You missed, but in the mirror watched the
rigs behind
bear down and scatter them easily as leaves,
as feathers, into the oncoming lights.
iii.
They say the mother's death is hardest.
Since her body
brought yours into being, burying or burning
it
repeats the fleshy severance you can't remember,
though your limbic system bears like an
ultraviolet tattoo
birth's chemical shock, when adrenaline
rushed through
your infant blood at rates beyond what any
afterstress
could raise. In death's black light, those
ink pricks glare.
Is your loss the long-suspended echo of
her emptiness
when her labor ended and you lay there,
the anchoring
cord was cut, and you breathed the air?
iv.
This is the hour of the rainbow trout,
netted
from the market's tank and flayed alive
before us
at the customer's request. The fish, two
livid wrists,
stiffen then beat in the plastic bag passed
across the counter.
None of us seems bothered: the butcher
starts
boning another order, the woman whose basket
carries the trout to checkout argues with
her kids.
They want to watch the butcher longer.
Behind them, I catch myself wondering what
she'll make
with the fish still mechanically pumping
their gills.
v.
Small towns in the old mill country, everyone
seems
wrong somehow. The damage often clear but
relatively slight:
missing fingers, a limp. In others, deeper
harm emerges
through a slack mouth or gaze trained on
sights beyond.
Christian fellowship is advertised, though
churches
outnumber visible occupants. If you park
and walk through,
the few stare like you came from the moon
or some other
untouchable satellite, and all your own
oddness
quivers up coldly magnetized, the way iron
oxide
threaded through a rock will make a compass
needle shake.
vi.
Above my bed, my father hung a mobile he'd
made:
a dozen mobius loops suspended on sewing
thread,
colors painted on each paper face, but graduated
toward the ends so I couldn't see where
a strip's measure
stopped before he'd twisted it into the
shape he said
fell on its side to mean infinity.
At night they slowly
turned, and I imagined their spirals winding
back
before my body, its germ, before the first
proteins
unclasping from their helix to divide, to
the spark
struck in a single cell before its replication
starts.
vii.
Under glass, my cancer's cells are beautiful:
stained with isotopes, magnified until
they blossom in the eyepiece
like a field of dark pupiled anemones, gazing
back
in flushed, expansive love at me, who made
them.
How petals translucent as these lasered
tissues
flattened on the slide can seed themselves
and turn the drying
inside of a womb shock red with immortality!

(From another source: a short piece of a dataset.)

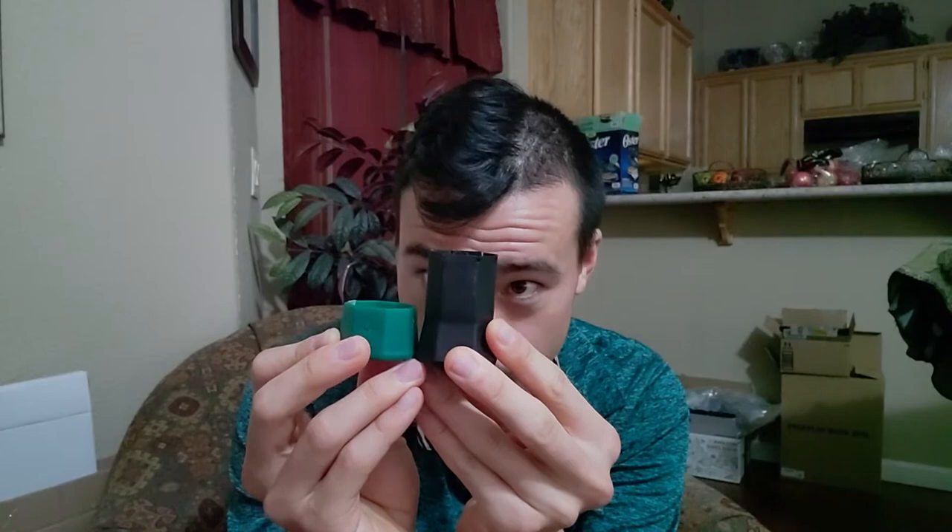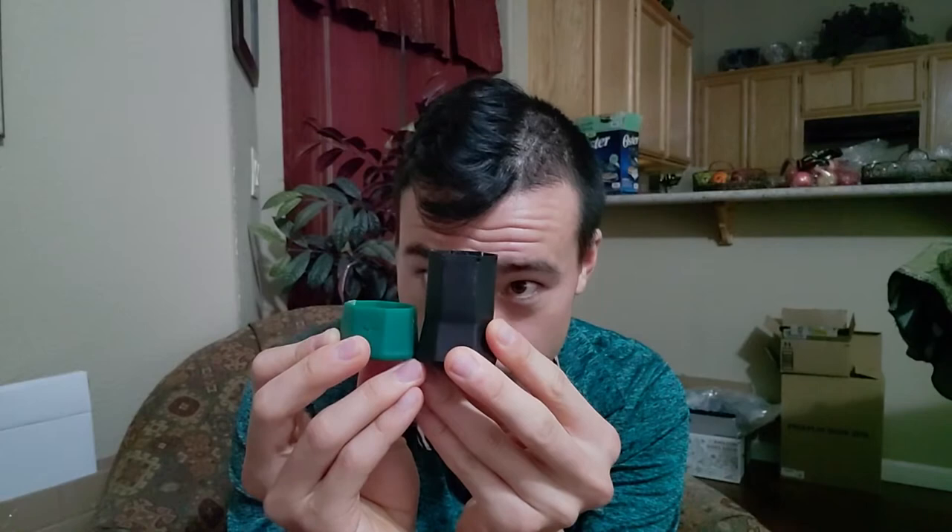If you look at this and compare it to a normal butt cap — I just happen to have this here — this is a Yonex butt cap. I kind of hate Yonex butt caps, so I take them off. But you've got to take it off if you're going to put this XTP one on anyway. You can see how much longer it is — it's a little more than twice as long as this Yonex butt cap.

I called longing for eternal life the ego's
vanity,
never realized how the urge roots in our
pulp, willing
to trade a whole body's promise for one
rogue cell's bid to last.
viii.
The professor began his lecture with the
"fantasy cycle."
Fantasy cycle artists drew on apocalyptic
themes,
he said, and the fantasy cycle mind was
oppressed
by uncertainty. "Cycle" made sense
to me, as though
history were a mobius loop on which the
past,
if traced by a finger, turned out to occupy
the same plane
as the present. Then he scrawled it on
the board:
fin de siecle. Calling it the age's
"end" seemed wrong, as if
the spirit of a century were just a passing
force
that died, and not the ever-present ghost
of time.
ix.
Impluvia set in the courtyards of the mansions
built for Romans at Herculaneum and Pompeii
caught rain-flow rushing through the open
roofs
and stored it for the family's use. Each
household
worshipped its ancestral gods, who craved
fresh water in a bowl and newpicked fruit
laid out across their altars. Where did
the Lar go, then,
when Vesuvius silted each dwelling in ash?
What lives inside me, nosing with my cells'
inherited
intelligence the smell of damp asphalt
through a dusty screen?
x.
(after
a fresco from Stabiae, near Pompeii, now
in the Museo Nazionale, Naples)
Flora turns from human hours to green eternity
without a glance to see who follows. I follow.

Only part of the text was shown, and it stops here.